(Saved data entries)
************

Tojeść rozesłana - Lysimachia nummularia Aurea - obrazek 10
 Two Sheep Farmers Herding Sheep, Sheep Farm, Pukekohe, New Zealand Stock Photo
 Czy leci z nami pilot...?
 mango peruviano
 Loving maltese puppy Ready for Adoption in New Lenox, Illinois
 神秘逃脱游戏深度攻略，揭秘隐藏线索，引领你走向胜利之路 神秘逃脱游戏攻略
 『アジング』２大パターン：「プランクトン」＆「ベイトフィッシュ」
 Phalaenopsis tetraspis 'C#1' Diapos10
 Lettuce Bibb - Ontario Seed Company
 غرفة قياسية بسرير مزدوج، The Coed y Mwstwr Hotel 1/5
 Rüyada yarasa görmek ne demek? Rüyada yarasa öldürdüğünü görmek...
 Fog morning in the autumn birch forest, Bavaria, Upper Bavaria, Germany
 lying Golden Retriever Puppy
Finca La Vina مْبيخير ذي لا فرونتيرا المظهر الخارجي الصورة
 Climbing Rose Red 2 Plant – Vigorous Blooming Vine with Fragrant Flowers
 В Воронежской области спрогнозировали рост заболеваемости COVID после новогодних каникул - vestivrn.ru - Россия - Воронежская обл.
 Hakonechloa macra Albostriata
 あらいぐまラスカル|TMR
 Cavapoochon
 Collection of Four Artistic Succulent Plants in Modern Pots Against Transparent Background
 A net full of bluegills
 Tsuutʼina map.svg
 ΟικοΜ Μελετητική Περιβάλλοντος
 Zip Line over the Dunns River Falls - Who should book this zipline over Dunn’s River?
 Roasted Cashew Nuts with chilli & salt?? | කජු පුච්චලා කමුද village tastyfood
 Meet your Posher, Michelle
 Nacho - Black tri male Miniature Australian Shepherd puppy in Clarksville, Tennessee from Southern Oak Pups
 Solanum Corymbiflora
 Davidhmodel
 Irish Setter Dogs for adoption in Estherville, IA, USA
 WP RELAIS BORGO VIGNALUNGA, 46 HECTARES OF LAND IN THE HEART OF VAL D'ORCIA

************

Task objective:
Return each line of the data above that includes the word "with".

Output of the exercise:
 Climbing Rose Red 2 Plant – Vigorous Blooming Vine with Fragrant Flowers
 Roasted Cashew Nuts with chilli & salt?? | කජු පුච්චලා කමුද village tastyfood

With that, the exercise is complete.